Artificial Unintelligence.

Welcome, please don't spill crumbs on the carpet.

☕️ 3 min read

I’ve given in. This is the result.

So people have urged me to do more self promotion for years. They assure me this will wow employers and build my 'personal brand’, so I’ve finally given in and started this dingy little monospaced beauty you see before you. Actually, the benefit from my end is mostly brushing up on my React.js navigation and especially css skills, which, as you can see, are a bit short on wow.

Oh yeah, this might also help some of you who are looking to learn about data engineering, data science, devops, machine learning and whatever buzzword they think up next. But I can’t really guarantee anything there obviously, and if a data centre catches fire because you took some of my advice, I will not be held liable. (But have you heard about how to parallelise mgcv models in R? Seriously, try dialing up 96 cores of non-linear modelling capacity, it’s sick.)

Elmo starting fire.
It wasn't me.

So why write a blog, genius?

Once I got started thinking about content, I realised that there aren’t many blogs out there getting into the nitty gritty of this field. There’s plenty of vendor marketing content explaining how easy it is (thanks guys, you’ve convinced management that every two month task can be achieved in a week, an expectation which means that the project usually fails), and there’s plenty of introductory material on how to download sklearn from Github.

But there’s a whole process that isn’t really talked about amidst the hype - of building platforms to get the data to and from systems, putting metadata around them, sourcing that data in real time (yes, not every process should be run in batch) and updating models and predictions to suit a real time system. Most glaringly, there isn’t much written about what to do when things inevitably go wrong, how to debug a distributed system, trace an error across a cluster, or generally think through how to tackle a problem. This is notable, because most of us only have jobs due to things going wrong - there’s a reason the machines haven’t taken over yet.
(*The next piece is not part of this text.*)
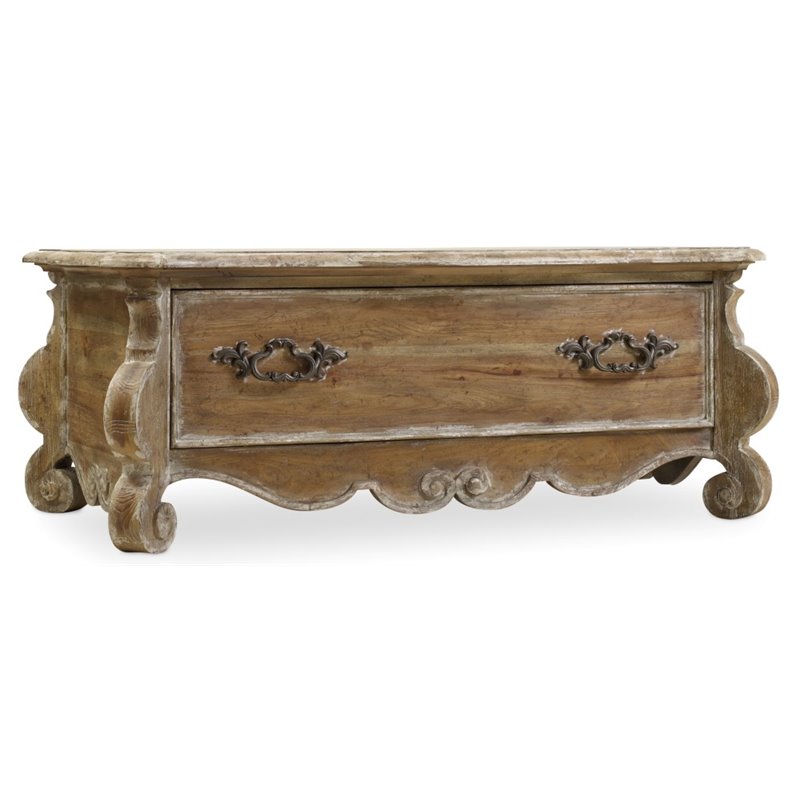 Beaumont Lane 1 Drawer Traditional Wood Coffee Table in Caramel Froth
I think that these are worthwhile things to write about. One thing that hit me in the JS community is that most of the blogs and content focus on problems, and attempts to implement functionality which failed. We don’t get this very often in the data science/engineering world. Now, if that was because the whole JS language is one big problem made bearable only via sucessive layers of questionably performant shims - cough, React - it wouldn’t be me who pointed that out…

So you should expect to see quite a volume of cynicism - hopefully delivered in variety and at high velocity. This blog is about the warts and all of distributed systems engineering and making them fly the real world.

In my personal experience, reading about solving problems teaches something more useful than simply seeing the Happy Path reproduced in blog form - you may as well just git clone. And if this blog scares the bejeezus out of you, more’s the better. If I can thin the herd that means more work for me right?! (Also, I make a great senior data scientist due to my supportive mentoring of junior staff - ask anyone.)